October 16, 2012

Is Freedom of Speech at Risk in the Election?

2012 presidential election, Buckley v. Valeo, commercial speech, corporations, David Kairys, freedom of speech, Rehnquist-Roberts era, Roberts Court


By David Kairys. Kairys, a law professor at Temple University, is a leading civil rights lawyer and author of Philadelphia Freedom, Memoir of a Civil Rights Lawyer. This is drawn in part from his article forthcoming in the Illinois Law Review with full cites to the cases discussed here, The Contradictory Messages of Rehnquist-Roberts Era Speech Law: Liberty and Justice for Some.

The Supreme Court is most known these days for two innovative free speech principles and an unprecedented court order: money is speech and corporations are people, and George W. Bush is the 43rd president of the United States.   

These decisions have drawn the harsh criticism they deserve. The campaign finance cases transformed our electoral and constitutional systems by ruling that a handful of the wealthiest Americans must be allowed to dominate the electoral process.

But all three of these cases expanded speech rights and have contributed to a widespread impression that over the last few decades, the Supreme Court, while more or less dominated by self-described conservative justices, has been generally, if also sometimes excessively, pro-free speech.  This impression has been fed by occasional decisions protecting some outlier protests, like picketing near soldiers’ funerals.

Others see the court as anti-free speech, pointing to decisions that restrict the speech rights of, for example, students and government employees, and to the lack of judicial protection of demonstrators as public officials increasingly these days keep them away from public and media visibility and the objects of their protests, out of sight and out of mind.

Looking at the range of speech decisions over the past few decades, inconsistent, selective, and contradictory seem better descriptors than pro- or anti- free speech.  But there are discernible and significant themes and patterns in the tangle of speech decisions, principles, and doctrines, and they have been ignored far too long. 

Free speech as we know it was established by the Supreme Court in the mid-1930s and maintained (with some notable exceptions) through the mid-1970s as a means of self-expression and empowerment of the people, and as an essential element of American democracy.

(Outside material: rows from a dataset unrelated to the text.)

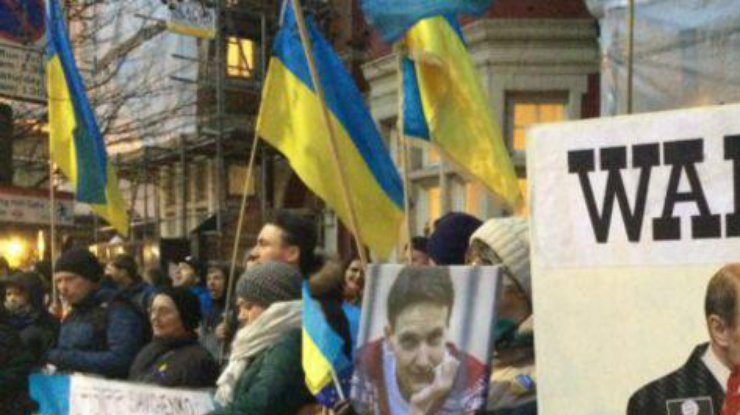 Активисты лондонского Євромайдана скандировали лозунги на английском "Свободу Савченко!"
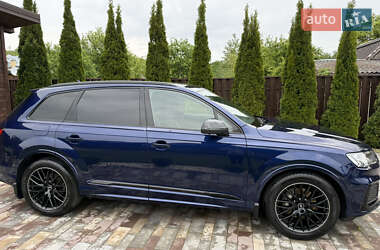 Внедорожник / Кроссовер Audi Q7 2021 в 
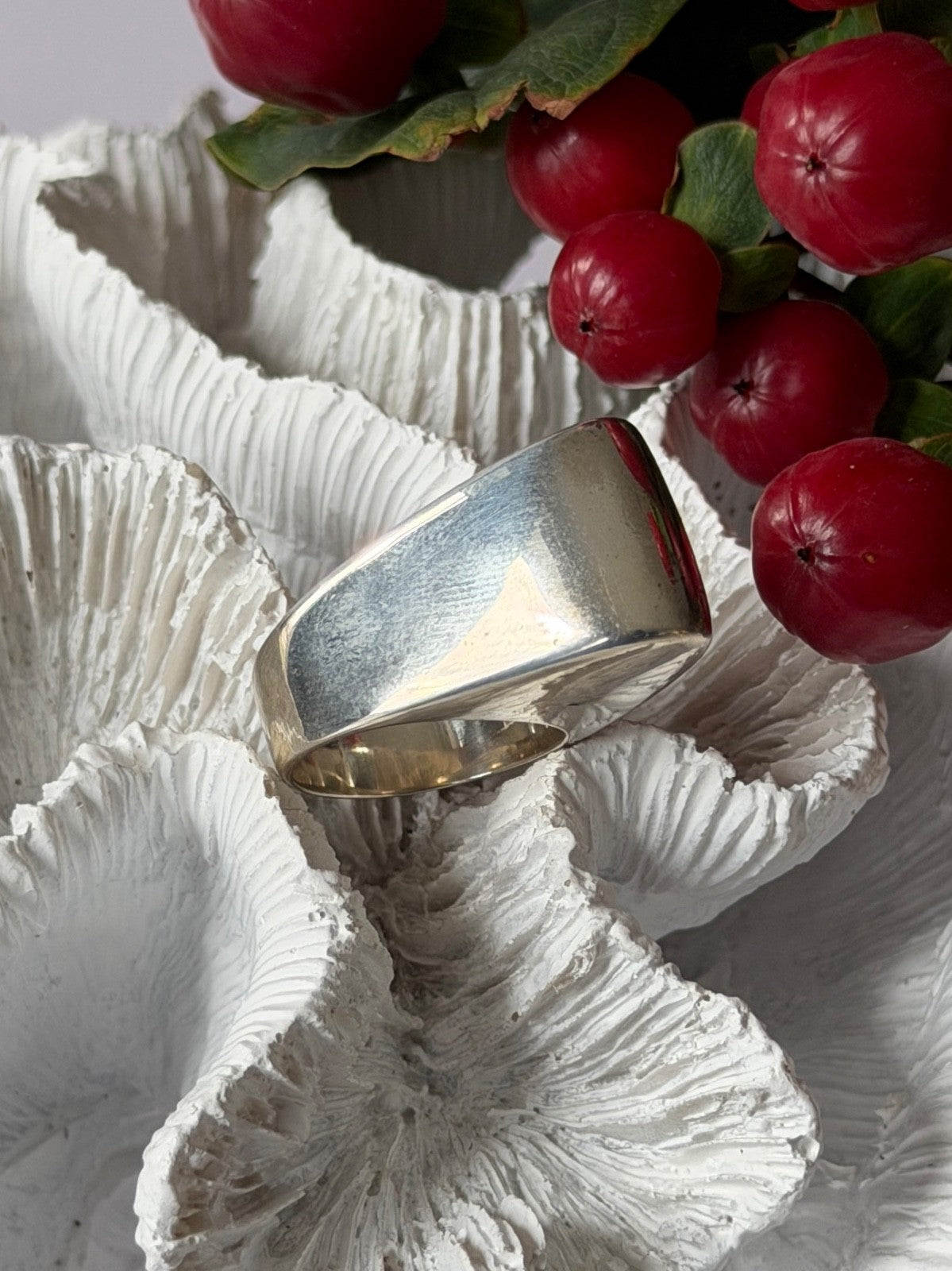 Fashion Design 925 Sterling Silver Ring Size 6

The Rehnquist-Roberts era court has stood this constitutional and cultural understanding on its head – restricting speech rights available to people of ordinary means, while greatly expanding speech rights available to wealthy people, businesses, and corporations.  As we approach a presidential election whose winner will likely determine the court’s direction for some time, continuing to ignore this body of conservative speech law poses a serious risk to freedom, public discourse, and American democracy. 

This short examination of the conservative court’s free speech record, drawn from a forthcoming article, focuses on nine leading speech principles and doctrines innovated or substantially enhanced by conservative majorities, four that enlarge speech rights, then five that constrict them.  The first expansive principle is emphasized because it also exposes a significant new critique of the campaign finance cases.

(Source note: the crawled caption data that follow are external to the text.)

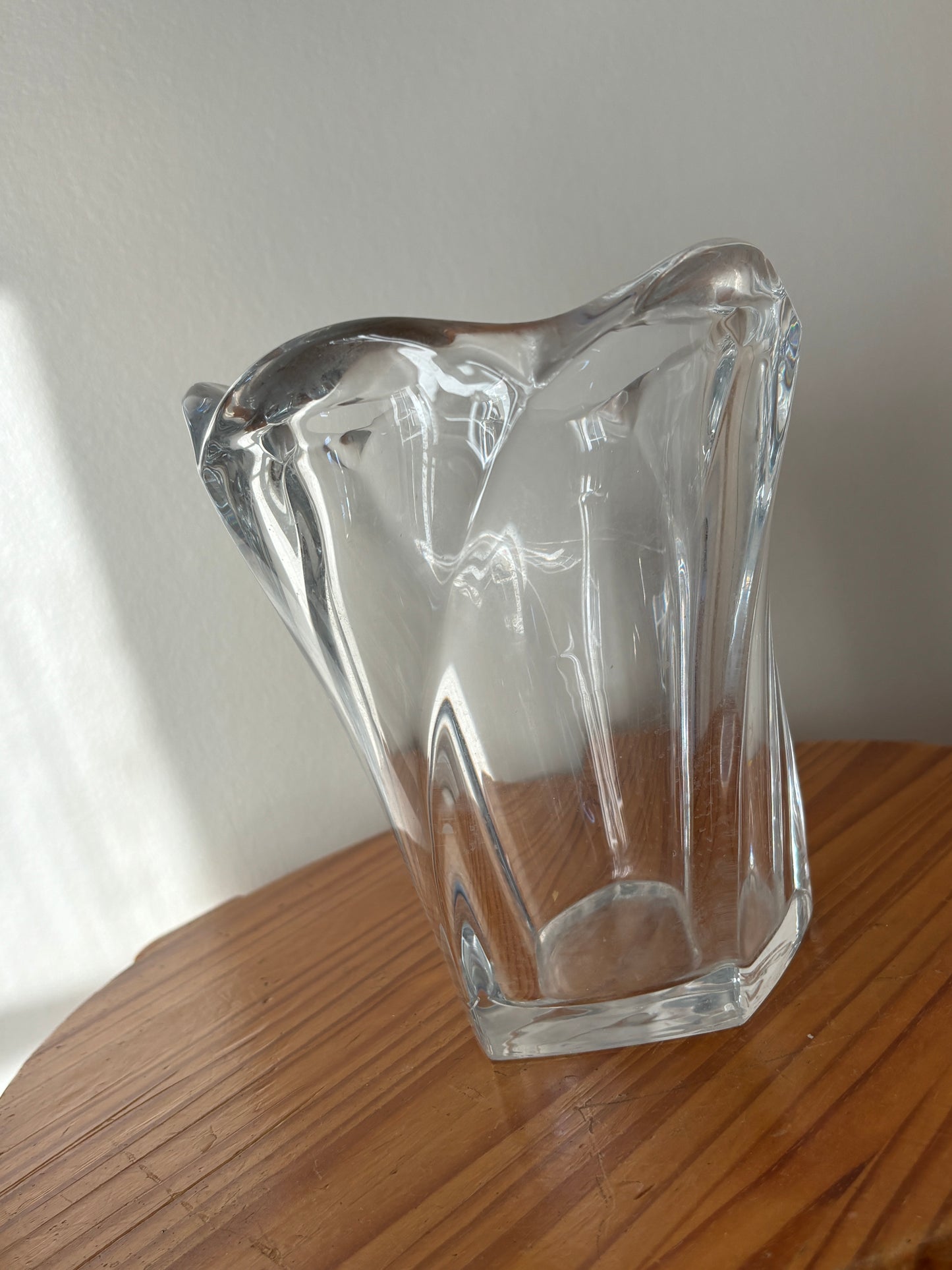 Smuk vase i tyk glas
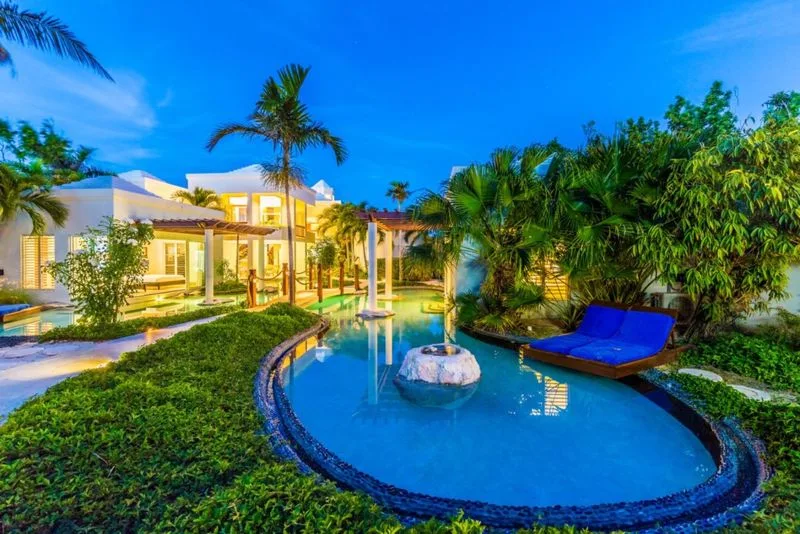 Ultra Luxury Beachfront Home, 6-bedroom villa for sale in Grace Bay, Turks & Caicos - photograph 3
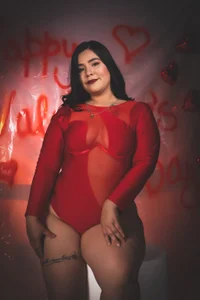 Kelly__Hot_: VALENTINE'S DAY ( 5 фото)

The Rehnquist-Roberts era court’s prohibition of laws limiting campaign financing as violations of free speech, which goes back to Buckley v. Valeo (1976), initially faced two main obstacles in well-established First Amendment law: (1) the limits were imposed on money, not directly on speech; and (2) they were not complete prohibitions but limits on amounts of money.  The first obstacle was removed by the controversial conclusion that money is speech.  The second was overcome without noticeable controversy at the time or since by reliance on what the majority described as an established First Amendment principle – government may not limit the quantity of protected speech

The no-quantity-limits-on-speech principle has been strangely ignored in popular and legal commentary on the matter for almost four decades.  It treats limits on the quantity of speech the same way courts have long treated complete prohibitions of speech – with the highest level of free-speech protection that presumes unconstitutionality, and that allows no consideration of the adequacy of the quantity not prohibited or of alternative avenues of speech.  Campaign finance limits are prohibited, the Buckley Court said, because they “necessarily reduce[] the quantity of expression by restricting the number of issues discussed, the depth of their exploration, and the size of the audience reached.” 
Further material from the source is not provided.